Mrs. Black, in the drawing room, with the dagger Over the years, several actresses have played Agatha Christie's creation, Miss Jane Marple, spinster of the parish of St. Mary Meade. Their portrayals have generally ranged from understudied to vapid. Margaret Rutherford's performance was unquestionably the most forceful and feisty, though perhaps not very close to Agatha Christie's character as intended. Likewise, "Murder at the Gallop" is rather a pastiche of scenes from a Hercule Poirot novel, "After the Funeral", rather than being a single Miss Marple novel.
Also featuring were Robert Morley, playing, well, Robert Morley, and Duncan Lamont in his usual role as a surly underling.
The film is a departure from most films, even for the period, in being shot in sharp-focus black-and-white.
Plotwise, in "Murder at the Gallop", Miss Marple first witnesses the apparently natural death of a wealthy man while trying to rattle a charity collection box at his home. Her suspicions aroused, she subsequently investigates in blunt fashion, and discovers the dead man's sister, also murdered.
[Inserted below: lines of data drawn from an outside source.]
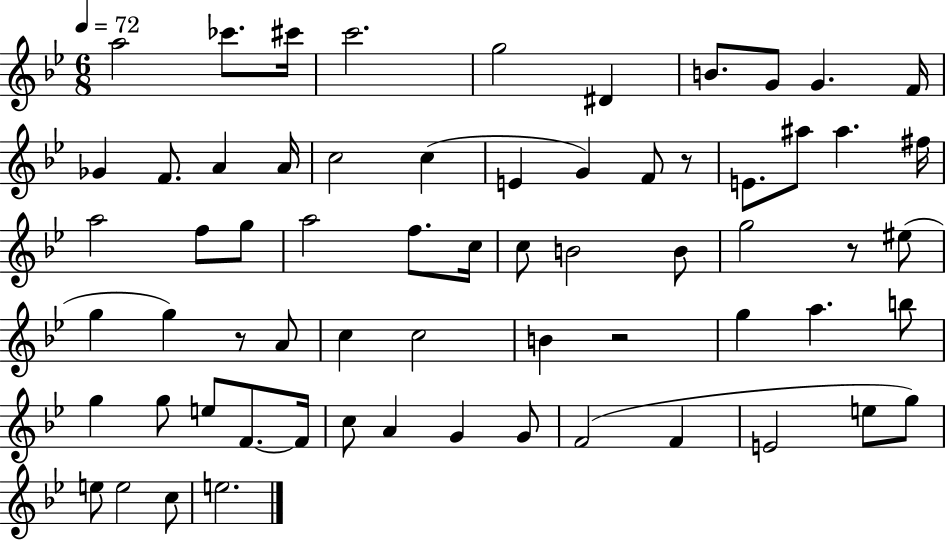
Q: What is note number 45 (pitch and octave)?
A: G5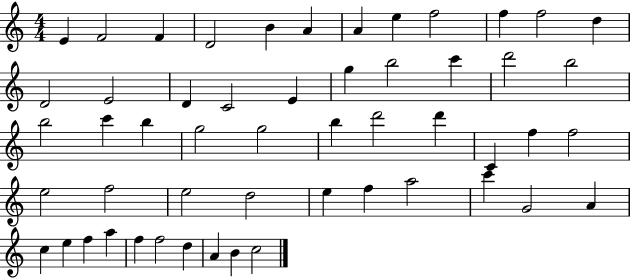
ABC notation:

X:1
T:Untitled
M:4/4
L:1/4
K:C
E F2 F D2 B A A e f2 f f2 d D2 E2 D C2 E g b2 c' d'2 b2 b2 c' b g2 g2 b d'2 d' C f f2 e2 f2 e2 d2 e f a2 c' G2 A c e f a f f2 d A B c2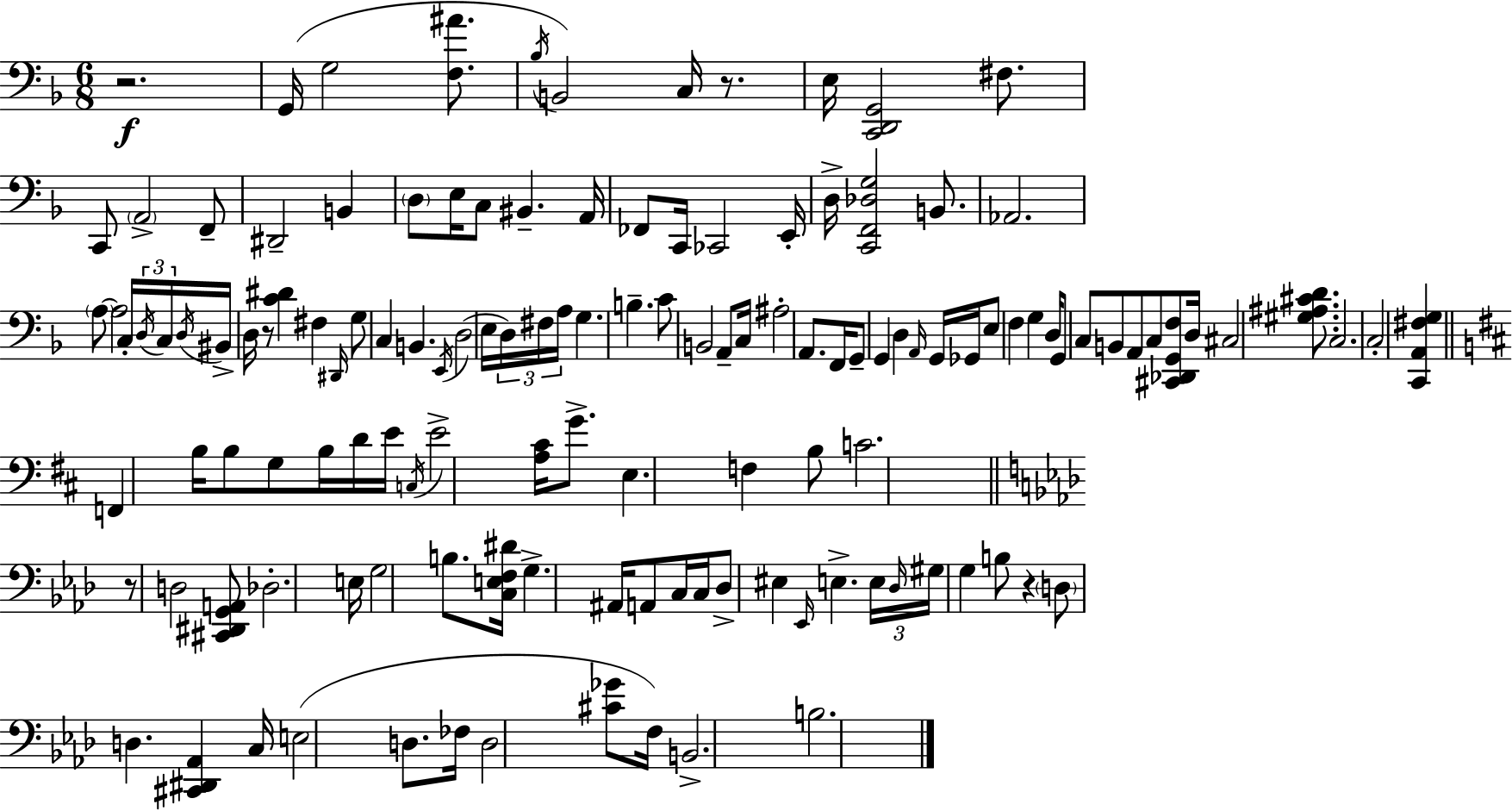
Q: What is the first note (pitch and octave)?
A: G2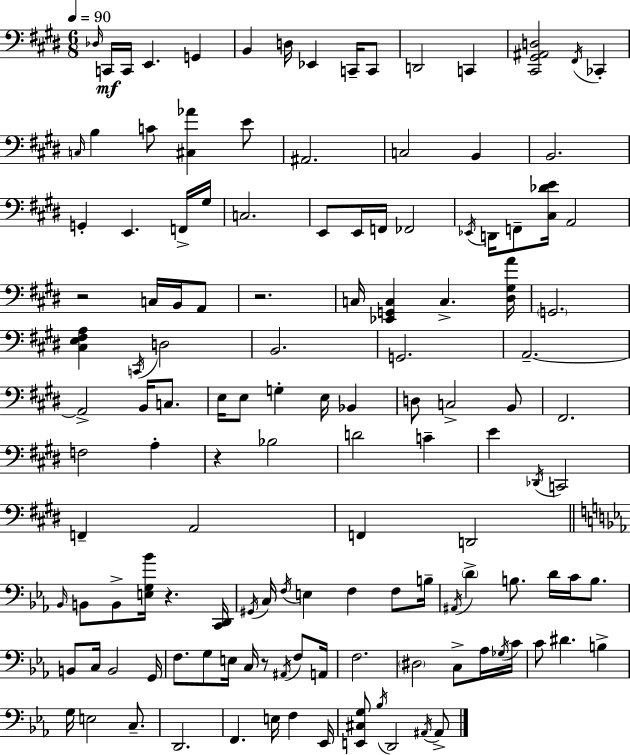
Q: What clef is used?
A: bass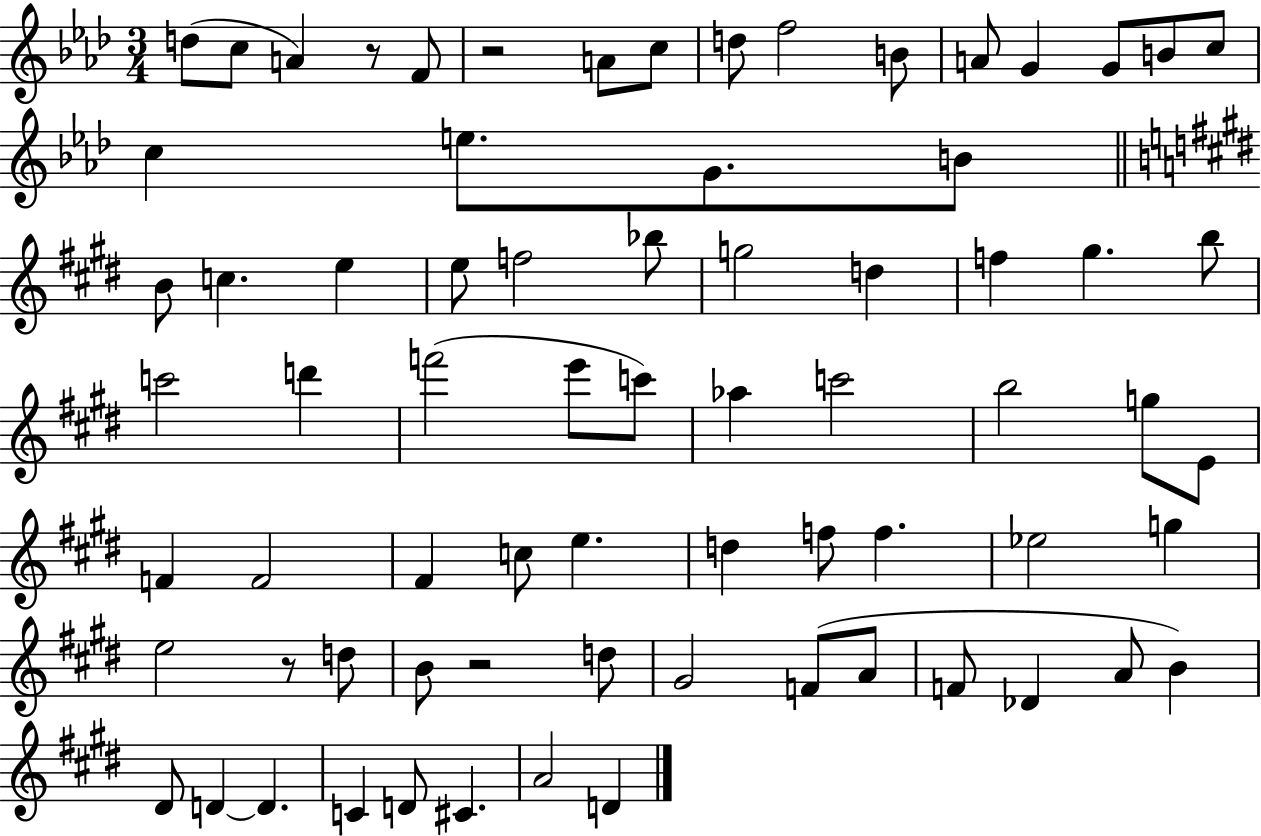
{
  \clef treble
  \numericTimeSignature
  \time 3/4
  \key aes \major
  d''8( c''8 a'4) r8 f'8 | r2 a'8 c''8 | d''8 f''2 b'8 | a'8 g'4 g'8 b'8 c''8 | \break c''4 e''8. g'8. b'8 | \bar "||" \break \key e \major b'8 c''4. e''4 | e''8 f''2 bes''8 | g''2 d''4 | f''4 gis''4. b''8 | \break c'''2 d'''4 | f'''2( e'''8 c'''8) | aes''4 c'''2 | b''2 g''8 e'8 | \break f'4 f'2 | fis'4 c''8 e''4. | d''4 f''8 f''4. | ees''2 g''4 | \break e''2 r8 d''8 | b'8 r2 d''8 | gis'2 f'8( a'8 | f'8 des'4 a'8 b'4) | \break dis'8 d'4~~ d'4. | c'4 d'8 cis'4. | a'2 d'4 | \bar "|."
}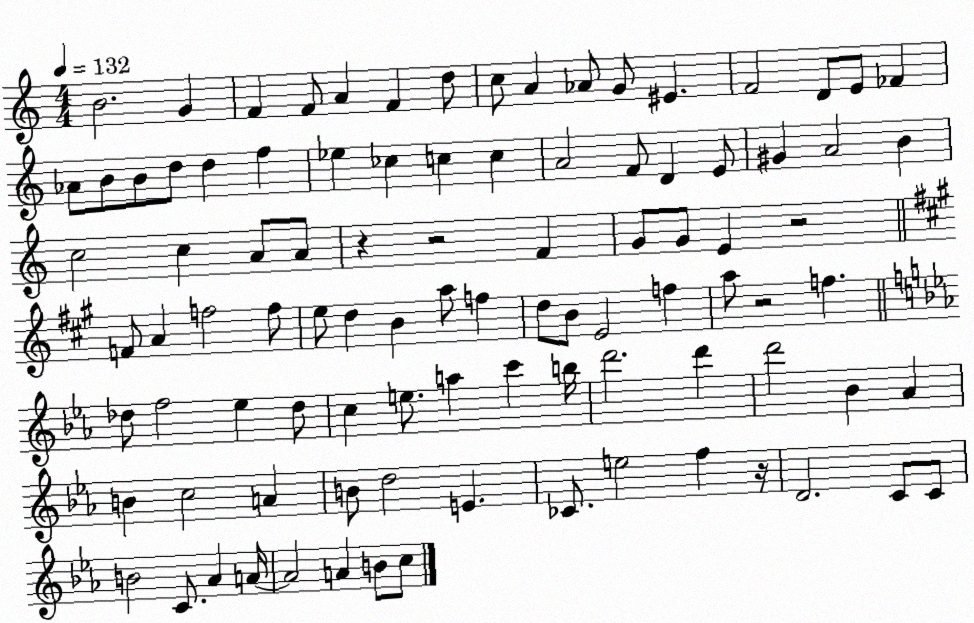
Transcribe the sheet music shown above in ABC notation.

X:1
T:Untitled
M:4/4
L:1/4
K:C
B2 G F F/2 A F d/2 c/2 A _A/2 G/2 ^E F2 D/2 E/2 _F _A/2 B/2 B/2 d/2 d f _e _c c c A2 F/2 D E/2 ^G A2 B c2 c A/2 A/2 z z2 F G/2 G/2 E z2 F/2 A f2 f/2 e/2 d B a/2 f d/2 B/2 E2 f a/2 z2 f _d/2 f2 _e _d/2 c e/2 a c' b/4 d'2 d' d'2 _B _A B c2 A B/2 d2 E _C/2 e2 f z/4 D2 C/2 C/2 B2 C/2 _A A/4 A2 A B/2 c/2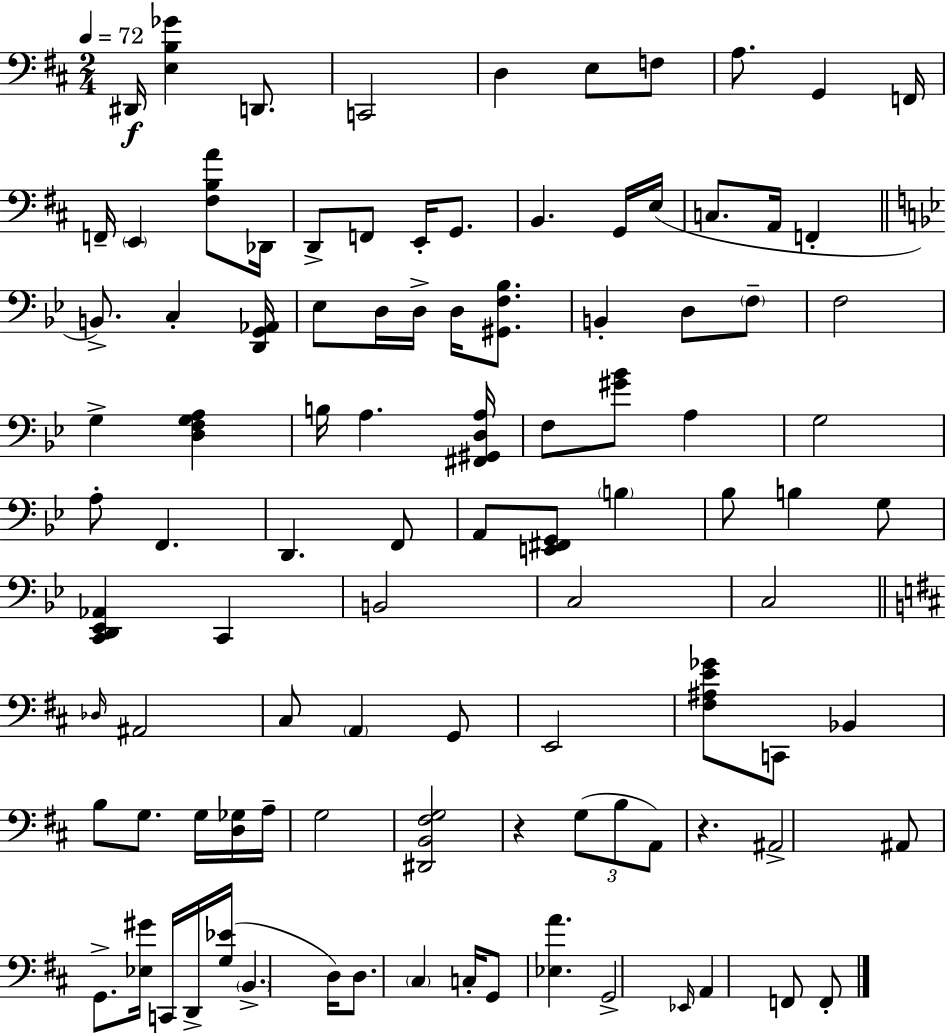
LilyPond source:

{
  \clef bass
  \numericTimeSignature
  \time 2/4
  \key d \major
  \tempo 4 = 72
  dis,16\f <e b ges'>4 d,8. | c,2 | d4 e8 f8 | a8. g,4 f,16 | \break f,16-- \parenthesize e,4 <fis b a'>8 des,16 | d,8-> f,8 e,16-. g,8. | b,4. g,16 e16( | c8. a,16 f,4-. | \break \bar "||" \break \key bes \major b,8.->) c4-. <d, g, aes,>16 | ees8 d16 d16-> d16 <gis, f bes>8. | b,4-. d8 \parenthesize f8-- | f2 | \break g4-> <d f g a>4 | b16 a4. <fis, gis, d a>16 | f8 <gis' bes'>8 a4 | g2 | \break a8-. f,4. | d,4. f,8 | a,8 <e, fis, g,>8 \parenthesize b4 | bes8 b4 g8 | \break <c, d, ees, aes,>4 c,4 | b,2 | c2 | c2 | \break \bar "||" \break \key b \minor \grace { des16 } ais,2 | cis8 \parenthesize a,4 g,8 | e,2 | <fis ais e' ges'>8 c,8 bes,4 | \break b8 g8. g16 <d ges>16 | a16-- g2 | <dis, b, fis g>2 | r4 \tuplet 3/2 { g8( b8 | \break a,8) } r4. | ais,2-> | ais,8 g,8.-> <ees gis'>16 c,16 | d,16-> <g ees'>16( \parenthesize b,4.-> | \break d16) d8. \parenthesize cis4 | c16-. g,8 <ees a'>4. | g,2-> | \grace { ees,16 } a,4 f,8 | \break f,8-. \bar "|."
}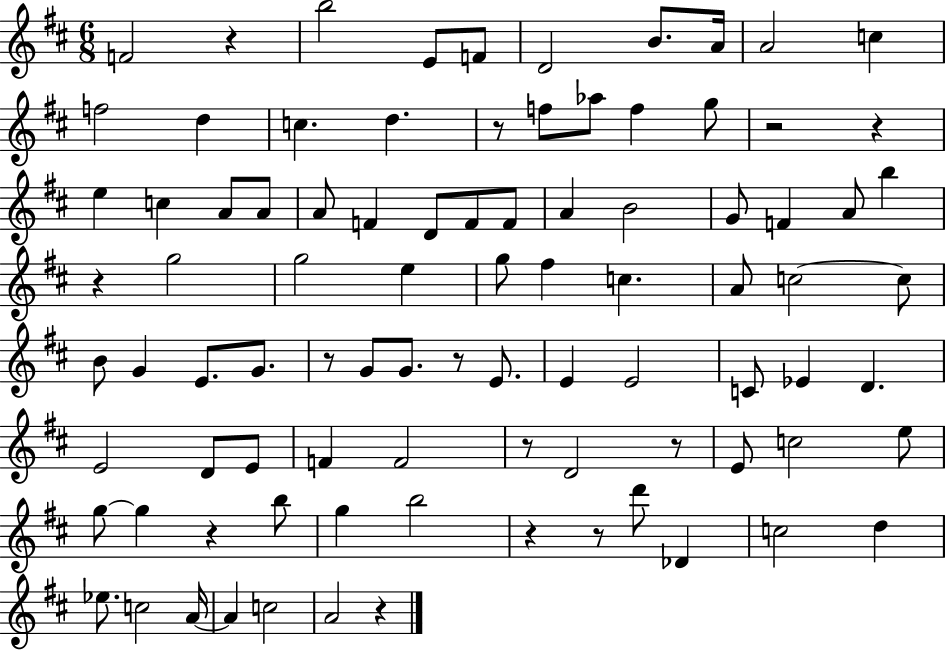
F4/h R/q B5/h E4/e F4/e D4/h B4/e. A4/s A4/h C5/q F5/h D5/q C5/q. D5/q. R/e F5/e Ab5/e F5/q G5/e R/h R/q E5/q C5/q A4/e A4/e A4/e F4/q D4/e F4/e F4/e A4/q B4/h G4/e F4/q A4/e B5/q R/q G5/h G5/h E5/q G5/e F#5/q C5/q. A4/e C5/h C5/e B4/e G4/q E4/e. G4/e. R/e G4/e G4/e. R/e E4/e. E4/q E4/h C4/e Eb4/q D4/q. E4/h D4/e E4/e F4/q F4/h R/e D4/h R/e E4/e C5/h E5/e G5/e G5/q R/q B5/e G5/q B5/h R/q R/e D6/e Db4/q C5/h D5/q Eb5/e. C5/h A4/s A4/q C5/h A4/h R/q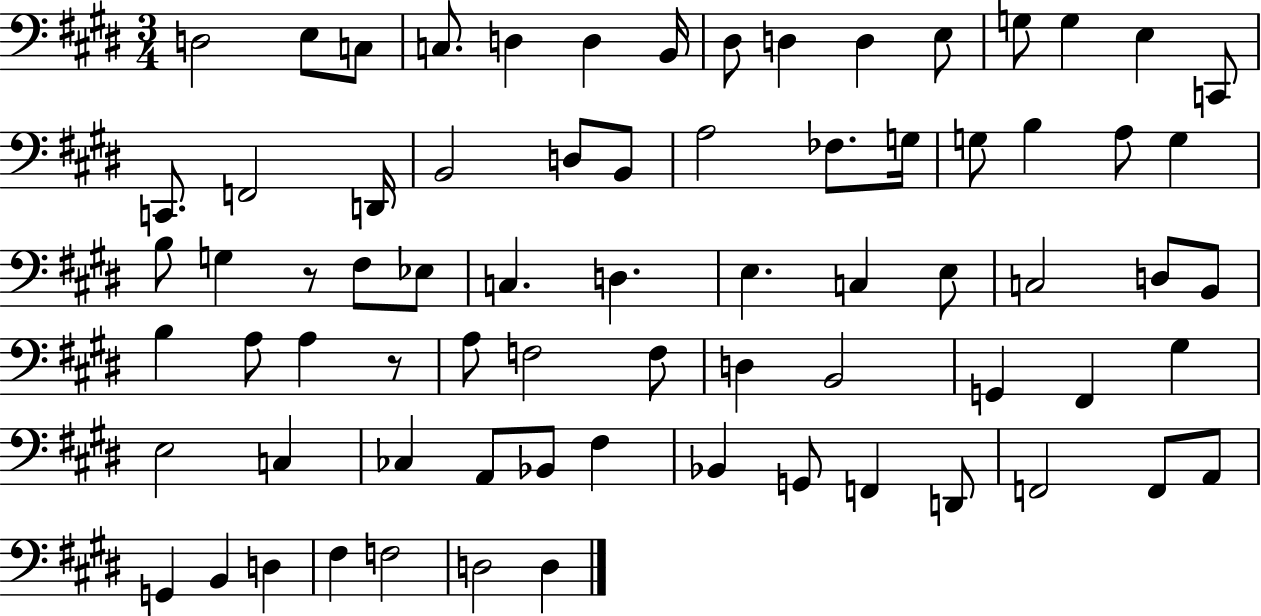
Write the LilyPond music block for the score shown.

{
  \clef bass
  \numericTimeSignature
  \time 3/4
  \key e \major
  \repeat volta 2 { d2 e8 c8 | c8. d4 d4 b,16 | dis8 d4 d4 e8 | g8 g4 e4 c,8 | \break c,8. f,2 d,16 | b,2 d8 b,8 | a2 fes8. g16 | g8 b4 a8 g4 | \break b8 g4 r8 fis8 ees8 | c4. d4. | e4. c4 e8 | c2 d8 b,8 | \break b4 a8 a4 r8 | a8 f2 f8 | d4 b,2 | g,4 fis,4 gis4 | \break e2 c4 | ces4 a,8 bes,8 fis4 | bes,4 g,8 f,4 d,8 | f,2 f,8 a,8 | \break g,4 b,4 d4 | fis4 f2 | d2 d4 | } \bar "|."
}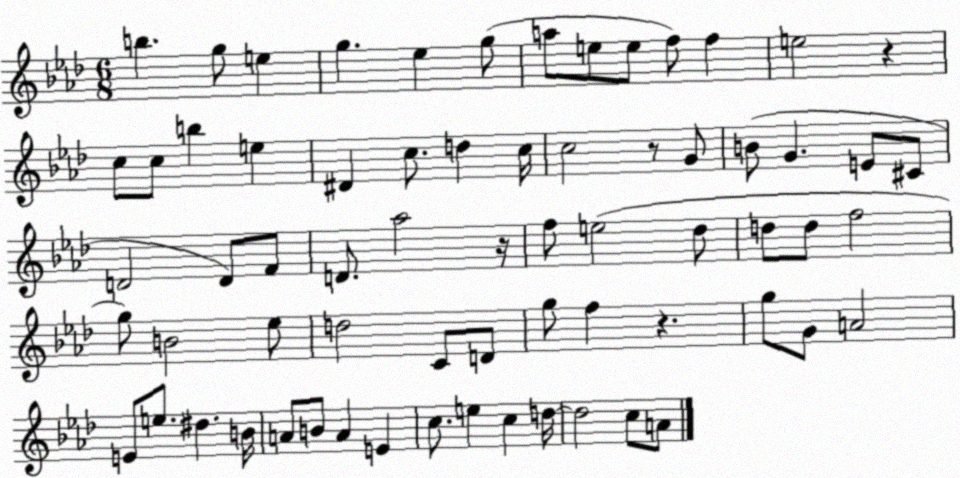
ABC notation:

X:1
T:Untitled
M:6/8
L:1/4
K:Ab
b g/2 e g _e g/2 a/2 e/2 e/2 f/2 f e2 z c/2 c/2 b e ^D c/2 d c/4 c2 z/2 G/2 B/2 G E/2 ^C/2 D2 D/2 F/2 D/2 _a2 z/4 f/2 e2 _d/2 d/2 d/2 f2 g/2 B2 _e/2 d2 C/2 D/2 g/2 f z g/2 G/2 A2 E/2 e/2 ^d B/4 A/2 B/2 A E c/2 e c d/4 d2 c/2 A/2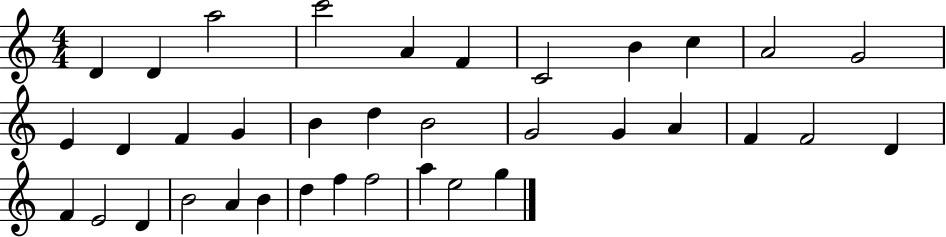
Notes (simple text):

D4/q D4/q A5/h C6/h A4/q F4/q C4/h B4/q C5/q A4/h G4/h E4/q D4/q F4/q G4/q B4/q D5/q B4/h G4/h G4/q A4/q F4/q F4/h D4/q F4/q E4/h D4/q B4/h A4/q B4/q D5/q F5/q F5/h A5/q E5/h G5/q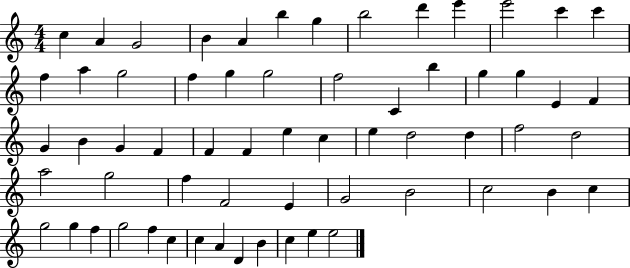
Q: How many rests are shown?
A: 0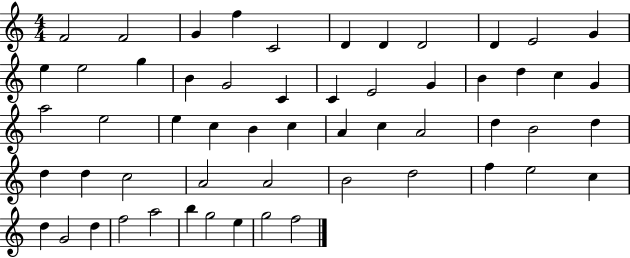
F4/h F4/h G4/q F5/q C4/h D4/q D4/q D4/h D4/q E4/h G4/q E5/q E5/h G5/q B4/q G4/h C4/q C4/q E4/h G4/q B4/q D5/q C5/q G4/q A5/h E5/h E5/q C5/q B4/q C5/q A4/q C5/q A4/h D5/q B4/h D5/q D5/q D5/q C5/h A4/h A4/h B4/h D5/h F5/q E5/h C5/q D5/q G4/h D5/q F5/h A5/h B5/q G5/h E5/q G5/h F5/h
Even though the police are now involved, she continues to poke and pry; and it turns out that Miss J. T. V. Marple was a champion horsewoman in her youth.
The final uncovering of the murderer lacks the usual drama, and is arrived at through a literal process of elimination, the other suspects having themselves been murdered.
Still, "Murder at the Gallop" is generally an enjoyable, fast-paced romp.